Science education in the United States is about to undergo one of the most significant shifts since it was overhauled in response to the Soviet Union’s launching of Sputnik I in 1957. After Sputnik, our nation’s science curricula were renovated to meet the evolving needs of a technologically threatened society. As we entered the 21st century, it was recognized that the U.S. was once again behind in the teaching and learning of the core concepts needed to build a strong foundation in life-long learning including in science (NCES, 2013). The problems in science education in this country are all too familiar. Conditions have hardly changed since the 1989 report “Science for All Americans” (AAAS, 1990). Science classes are often still taught by underprepared teachers in a highly didactic manner that does little to promote understanding of science or the nature of scientific knowledge (McNeill & Krajcik, 2008; Newton, 2002). These issues might contribute to the fact that American students still lag far behind other leading countries in science achievement, which will inevitably result in a looming shortage of science/technical workers in the U.S. (Augustine, 2007; OECD, 2010). The majority of American students are still taught in large urban schools that often lack adequate science instructional resources and tend to have low student expectations (Tal, Krajcik, & Blumenfield, 2006). The need to update 21st century teaching in the U.S. has led to the introduction of the Common Core State Standards (CCSS) and the Next Generation Science Standards (NGSS). These standards are already changing the way teachers will be required to teach as well as the what they will need to teach. With such mandated changes quickly approaching, increasing effort is being invested in how teachers will be required to teach students 21st century skills. This chapter focuses on the how of the new standards implementation by bringing cloud technology to K-20 science classrooms to teach NGSS and CCSS through the use of collaboration and whole-class data analysis as it is gathered in inquiry based classrooms.

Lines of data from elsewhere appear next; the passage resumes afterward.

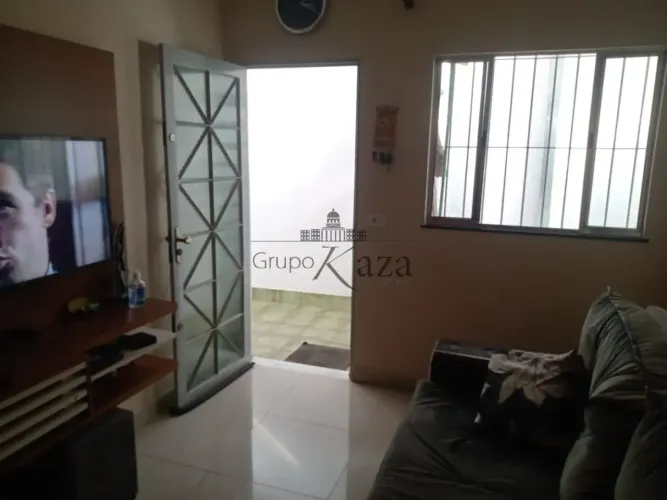 Oportunidade - Casa - Jardim Morumbi - 3 Dormitórios - 130m² - Estuda Permuta.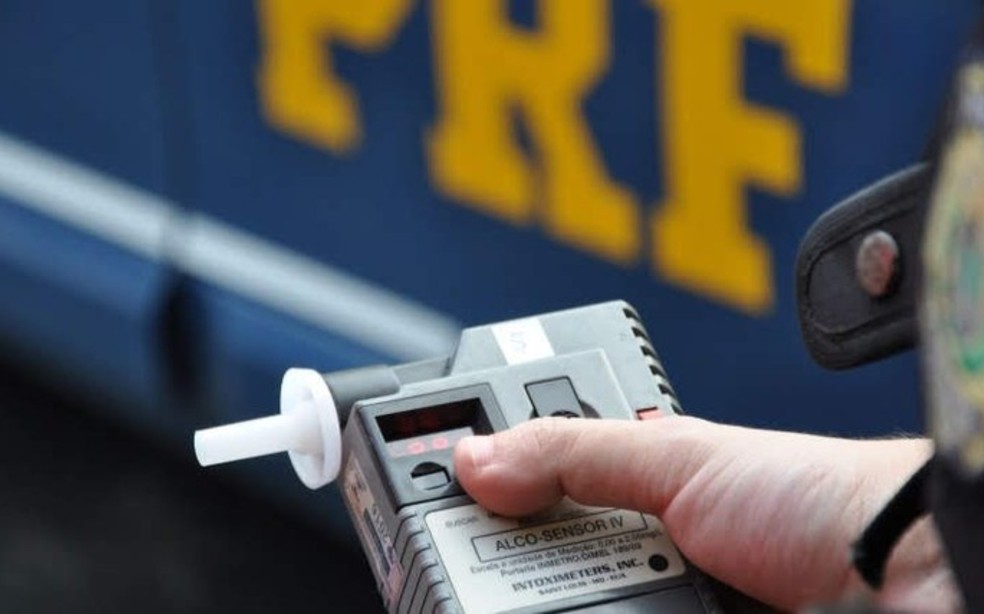 Teste com etilômetro confirmou que motorista estava embriagado quando provocou o acidente — Foto: Divulgação/PRF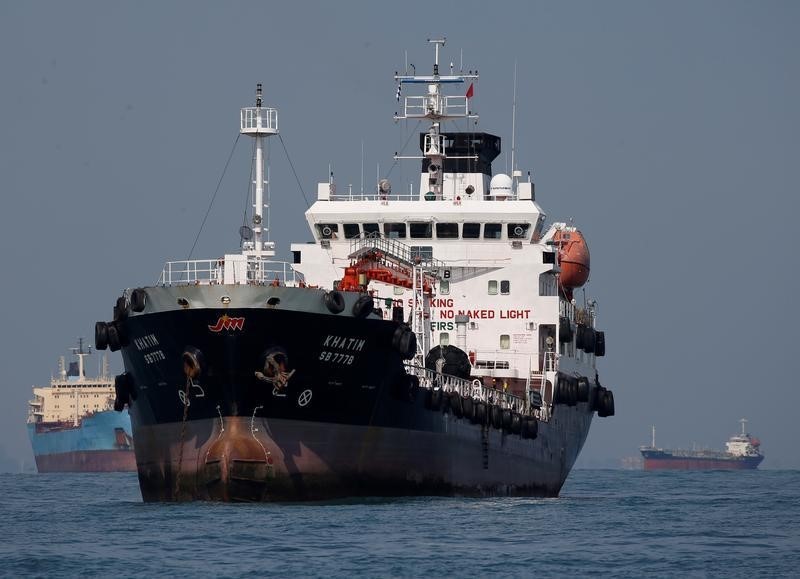 © Reuters. Oil tankers ply the waterway along the southern coast of Singapore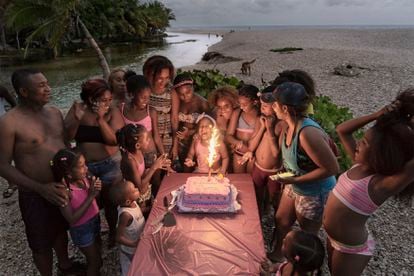 Cuando Díaz Burgos llegó al balneario de Los Patos, en Barahona, se encontró con la celebración de un cumpleaños infantil. A un lado, el río, y al fondo, el mar Caribe. 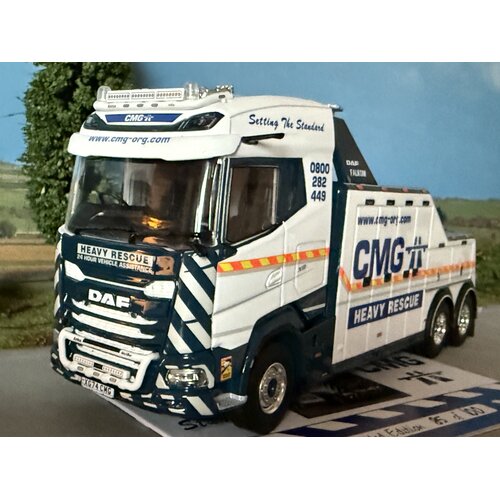 WSI WSI DAF XG 6X2 Falkom wrecker CMG Newport Pagnell England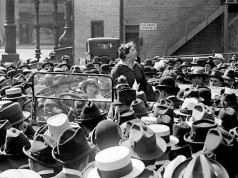 Emma Goldman propaganderer for prevensjonsmidler og abort.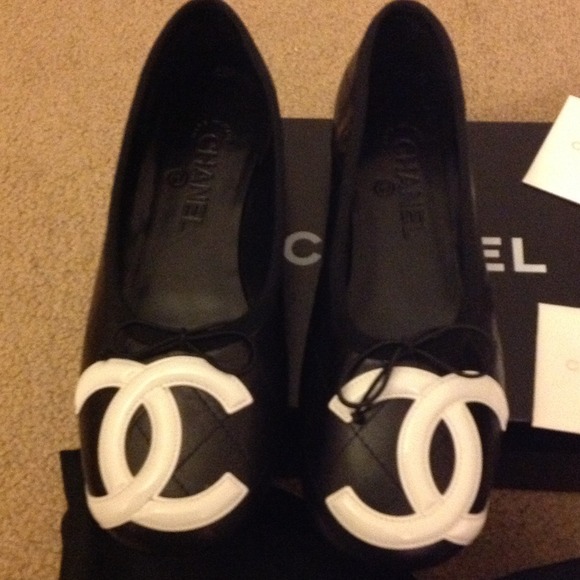💜SOLD💜 NIB 100% Authentic CHANEL Flats 37.5 - Picture 2 of 4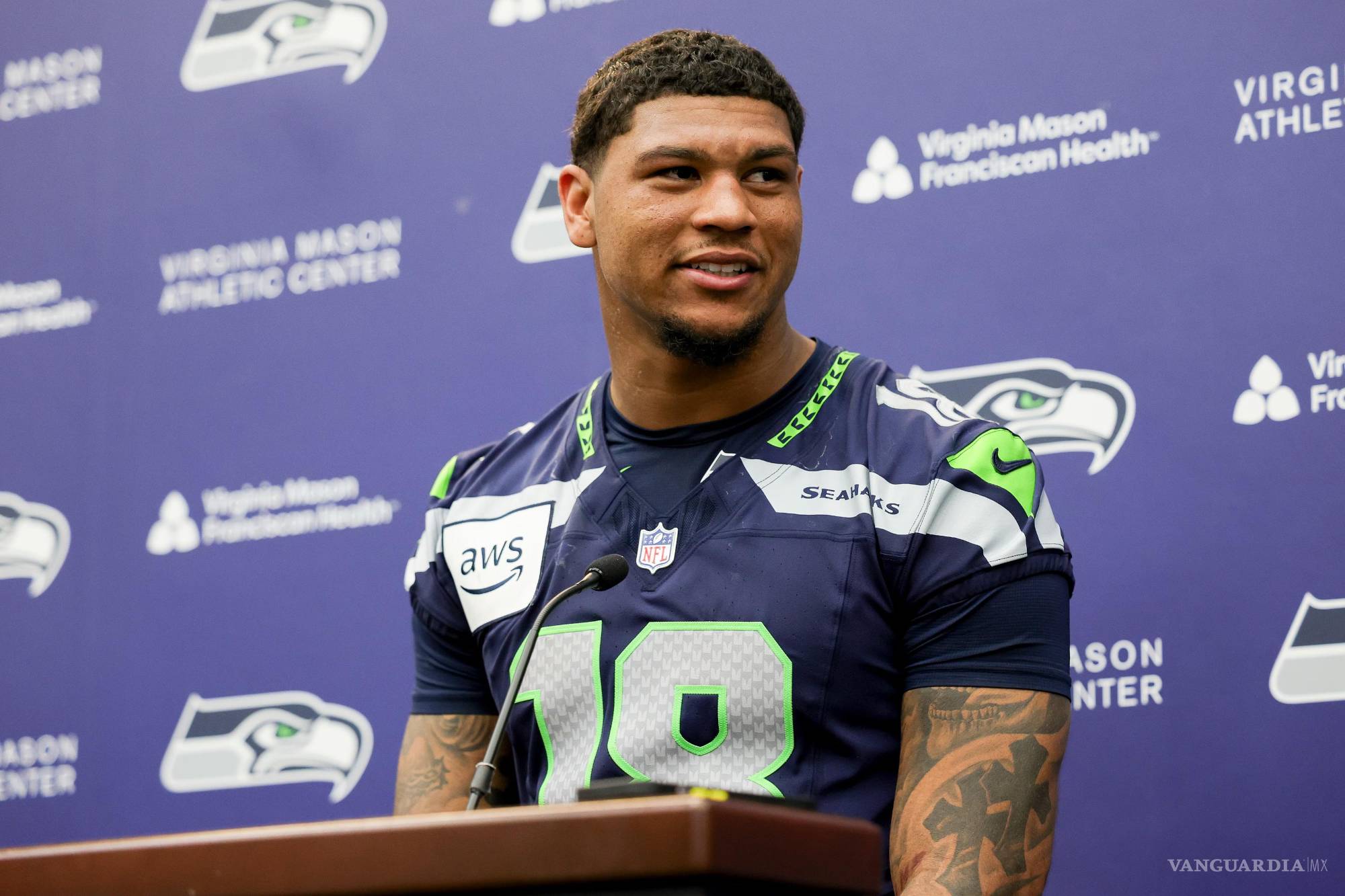 $!El ala cerrada de los Seahawks de Seattle aporta tamaño y potencial ofensivo como una de las promesas latinas en el Super Bowl LX.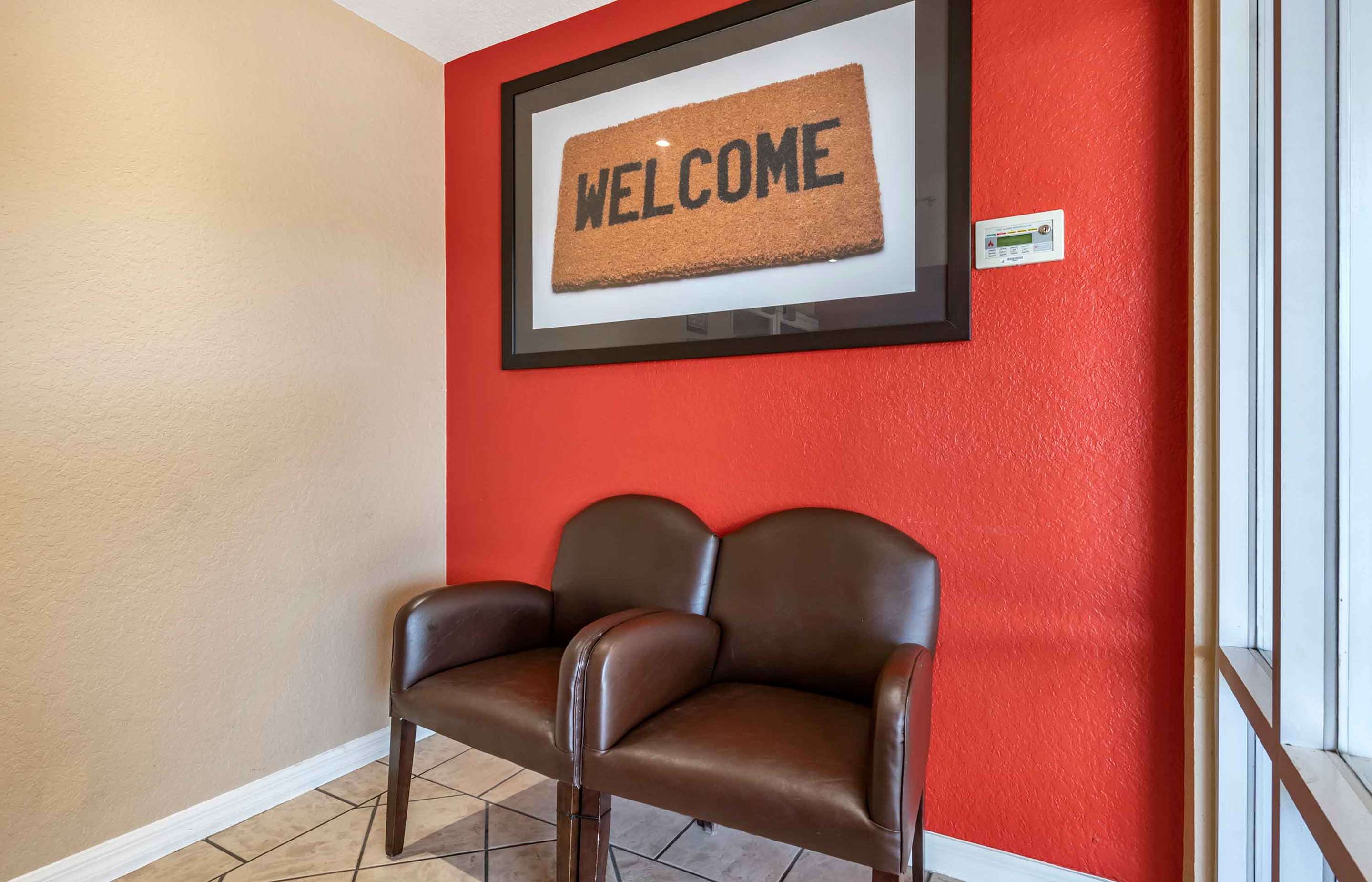 Lobby and Guest Check-in | Extended Stay America Suites - Orlando - Altamonte Springs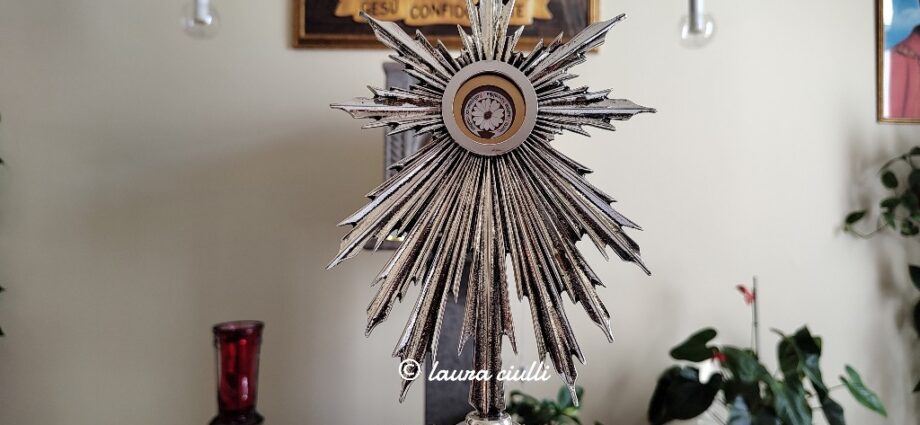 Reliquia "ex oxibus" Santa Faustina Kowalska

Recognizing that science is the systematic study of the structure and behavior of phenomena in the physical and natural world through observation and experimentation, it is clear that there should be an emphasis on inquiry. This should be modeled in the classroom as it would be practiced in a research laboratory setting. The National Science Education Standards were developed by the National Research Council to “promote a scientifically literate citizenry”. The Standards frequently encourage the use of inquiry in the science classroom, defining it as:

A multifaceted activity that involves making observations; posing questions; examining books and other sources of information to see what is already known; planning investigations; reviewing what is already known in light of experimental evidence; using tools to gather, analyze, and interpret data; proposing answers, explanations, and predictions; and communicating the results. Inquiry requires identification of assumptions, use of critical and logical thinking, and consideration of alternative explanations. (NRC, 1996, p. 23)

We recognize that ideally all science classrooms should provide hands-on activities that are driven by inquiry and that allow students to investigate phenomena, test ideas, make observations, analyze data, and draw conclusions. Unfortunately, students in science classrooms still spend most of their time on data collection at the expense of analysis and interpretation (Alozie & Mitchell, 2014). In other cases, when there is time for analysis, it remains topical in nature and is teacher-led rather than in-depth and student-centered (Levy, Thomas, & Rex, 2013). With the introduction of NGSS, teachers are required to do in-depth data analysis so that students can develop skills to analyze, interpret, and communicate inquiry findings using evidence based reasoning (NGSS Lead States, 2013).